Não adianta você querer uma zebra sem listras, se ela não tiver listras, ela deixará de ser zebra. Não adianta desejar um leão sem juba, ao perder sua juba, o leão deixa de ser leão. Da mesma maneira, nossa vida é repleta de coisas já estabelecidas, e lutar contra elas é um grande passo a caminho da loucura e da insanidade. E é este um dos grande males que nossa civilização parece estar sofrendo.

O homem medieval buscava melhorar a vida, mas com um enorme respeito às coisas como elas são em seu sentido concreto, já o homem moderno zomba da realidade com extrema arrogância, colocando seus desejos e seu ego no topo das prioridades. O homem medieval era movido pela piedade, o homem moderno é movido pelo apetite.

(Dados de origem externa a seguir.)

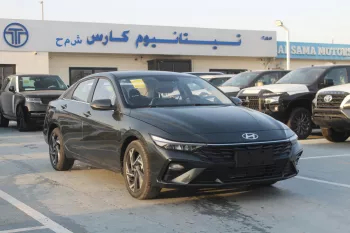 HYUNDAI ELANTRA 1.5L PETROL MODEL YEAR 2023 GRAY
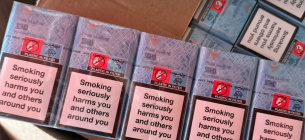 Розповсюджував на півдні регіону сигарети без марок акцизного податку 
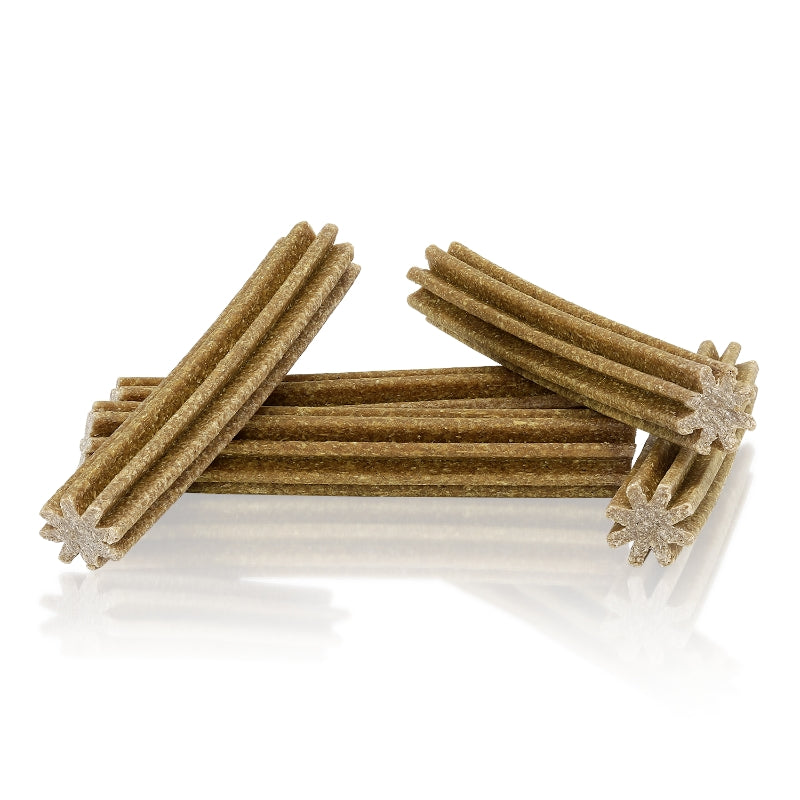 Essential Foods Teeth Delights pasji priboljški, kolagen in kurkuma - 250 g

Basta olhar ao redor e perceberemos que nosso mundo está movido por uma busca insaciável de atender a desejos de um lado, e uma insanidade irrefreável do outro, sendo esta campanha permanente de relativizar a realidade uma das principais causas da desordem interna que empurra as massas para o precipício. Em outras palavras: o que era apenas um convite para "pensar fora da caixa" se tornou um dos maiores dogmas desta nova religião da loucura e do caos metafísico.

Desconstruir, problematizar, quebrar paradigmas, parece que ninguém mais pode sentar em uma praça em paz e apreciar as coisas como elas são. Ver os velhos tagarelando, os vendedores anunciando suas ofertas, os apressados correndo, os mendigos pedindo esmolas. Nossos jovens estão sendo treinandos para fazerem análises sociológicas profundas das coisas mais banais, e muito comumente eles só reproduzem um monte de clichês e jargões marxistas para justificar algum remédio político que ouviram de um professor ou algum formador de opinião na internet. 

Compreender o mundo como ele é, ao invés de ficar se debatendo contra a realidade, é um dos principais caminhos que levam à sabedoria, assim como a uma vida mais feliz e perene. Revoltar-se contra tudo é abrir os portões a um verdadeiro inferno existencial, alimentando o monstro da insatisfação e cavando a própria cova da inteligência. O sábio não vive de revoltas e utopias, mas de um imenso entendimento de como as coisas funcionam, além de um permanente encantamento com tudo que seus olhos veem, como se os atributos aparentemente mais irrelevantes da existência fossem verdadeiros milagres. 

Abrir tanto a cabeça ou ficar questionando o impossível não lhe levará a um lugar muito mais interessante que esta fantástica aventura onde você já se encontra: a aventura da vida comum, a inigualável experiência de ser mais um. Somos muitos, mas cada um de nós é um milagre, assim como cada contorno que nos é imposto. Nosso tempo é curto, para quê desperdiçá-lo com excentricidades? Amemos as coisas como elas são. Voltarei lá no grafite para apagar a frase "o impossível é uma questão de opinião" e escrever: "o impossível é impossível e pronto". Desculpe se frustrei sua poesia, mas acho que vai ser melhor para você.